The Art of Film Acting - Acting for the Camera (200 Level Course)

SUBTEXT

Subtext is what you really are saying regardless of what your lines are saying. It is the true meaning underneath dialogue, and it is what you communicate when you talk to anyone in the film.

Subtext is that unspoken communication by way of your emotions or feelings. Regardless of what your script lines are, subtext is what you really mean and what the audience is watching.

Through the subtext, the audience discovers your relationship to the other actors, and only when you are relating to each other can there be useful subtext.

You communicate subtext through your tone of voice, body language, looks and emotions. Subtext is an undercurrent that allows the audience to understand what is really going on between the actors.

The FIVE ARTS OF FILM ACTING

The five arts of film acting are the Art of Concentration, the Art of Not Knowing, the Art of Acceptance, the Art of Giving and Receiving and the Art of Relating. Jeremiah Comey –actor/director/tutor

The Art of Concentration
Focuses your attention, not on yourself but on the emotions of the other actor. Concentration is knowing where to place your attention.

The Art of Not Knowing allows you the experience everything for the ‘first’ time. Not knowing keeps you alert and aware.

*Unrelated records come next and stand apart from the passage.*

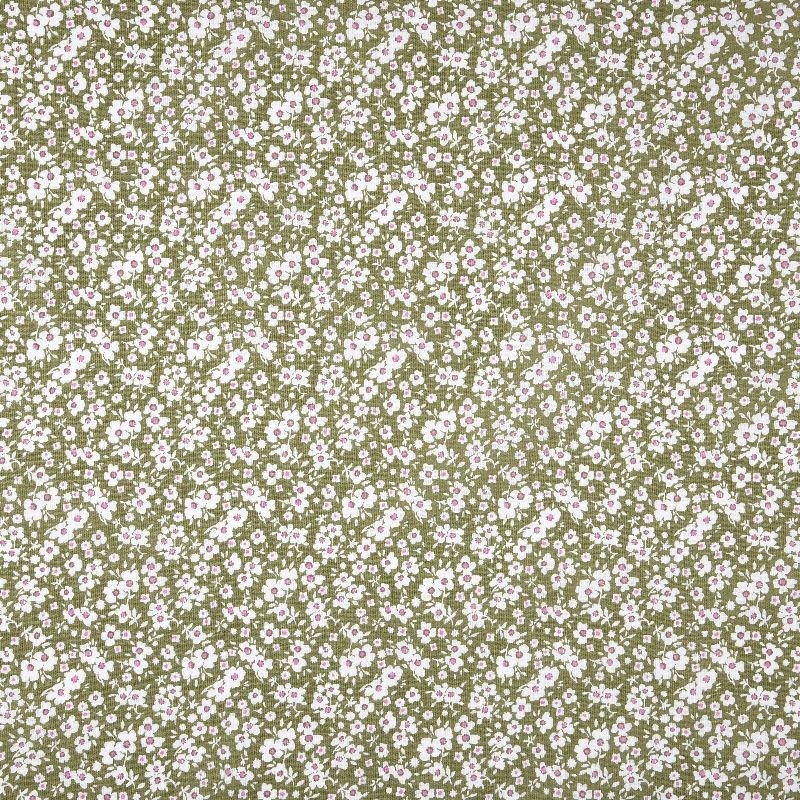 Tissu Imprimé Paulette Vert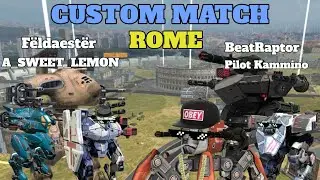 Custom Match 2v2 &ndash; Rome Map | War Robots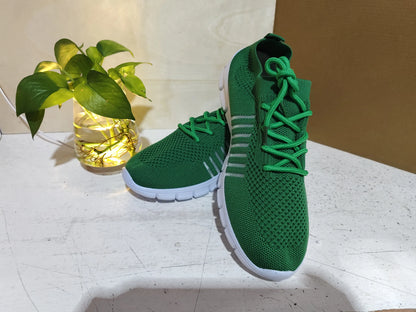 Women's Breathable Sneaker High-cut Lace-up Platform Casual Shoes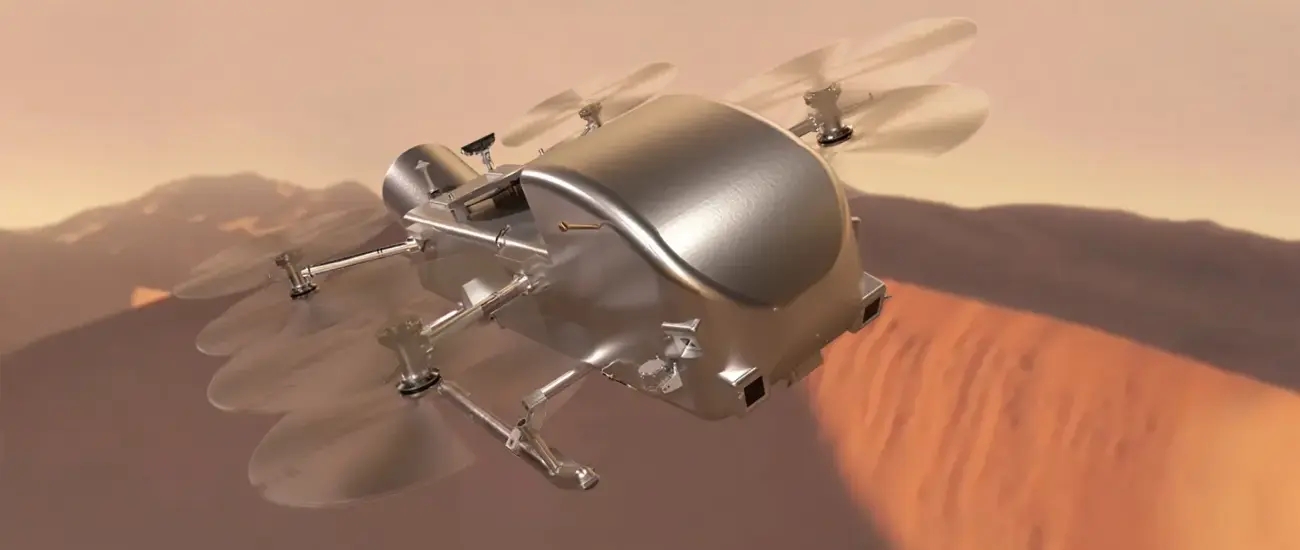 Утвержден план доставки аппарата Dragonfly на Титан для поисков жизни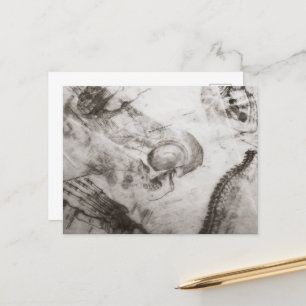 Anatomie der dunklen Akademie Postkarte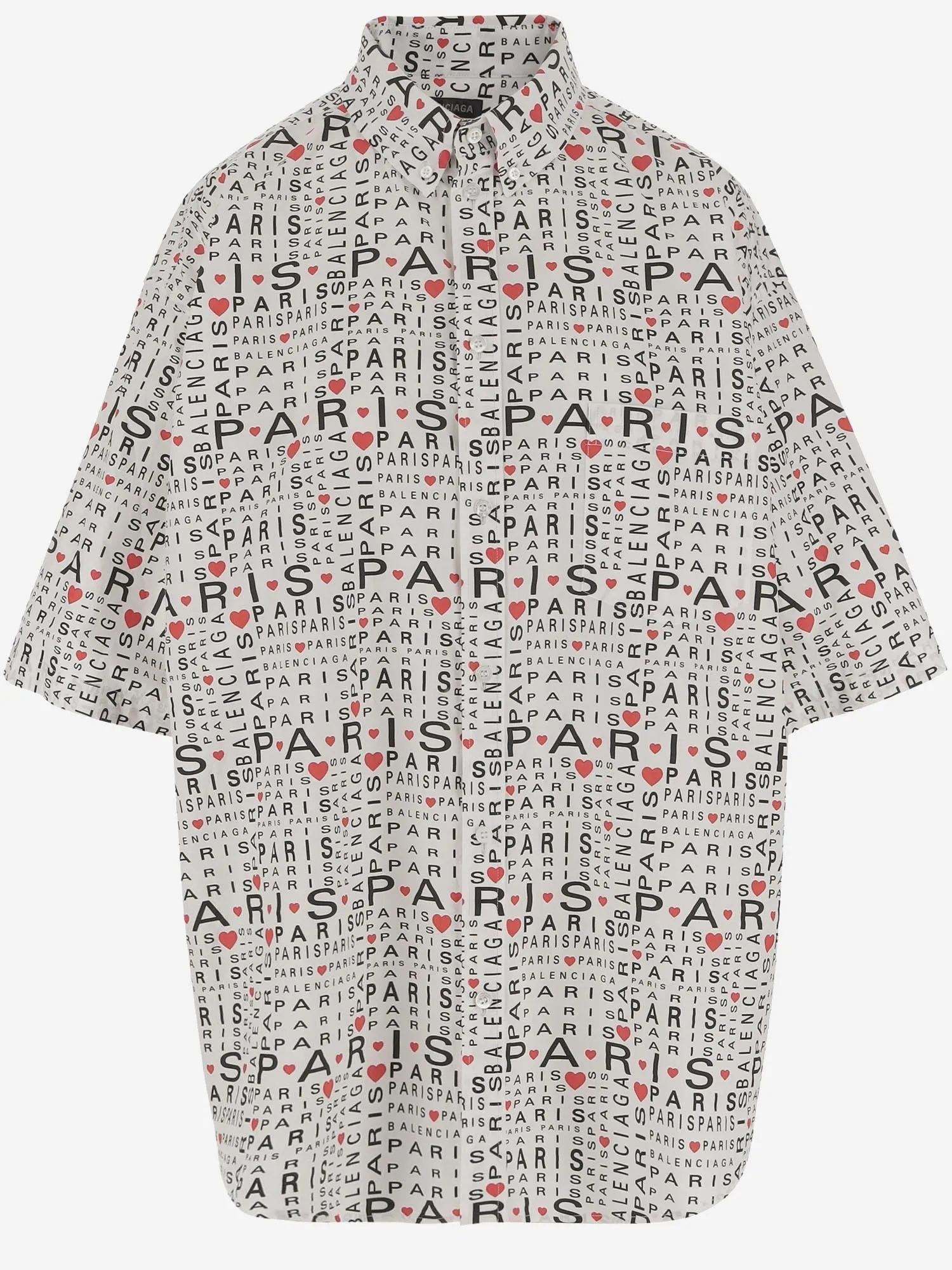 Cotton Shirt with I Love Paris Pattern sold by Lord & Taylor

The Art of Acceptance allows you to completely believe both the other actor and the imaginary circumstances without pretending.

In the Art of Giving and Receiving you give your emotional experience to the other actor and are receptive through feedback. The art of giving and receiving stimulates genuine feelings.

The Art of Relating is responding to an actor, object or situation verbally, nonverbally or physically.

STUDYING ACTORS PERFORMANCE IN FILM

Watch the Whole Film
After watching the complete film, study the performances in selected scenes one at a time. The more times you look at a scene, the more you will see.

Listen to the dialogue.
If you have a copy of the screenplay script, read the scene.

Study each performer separately.
Determine the emotion each one is feeling. Does it Change? When? Be Specific.

Are they listening?
Are they practising the ‘Art of Knowing’? When?
Does acceptance of the other character and circumstances colour the actor’s performance?

Are both actors Giving & Receiving? How? Are they physical with each other?
Does giving and Receiving add to the relationship?

Are they Relating?
Now, with the sound turned off, view the selected scene. Notice what is really happening between the actors, not what the dialogue says is happening.
View the selected scene again with the sound turned on.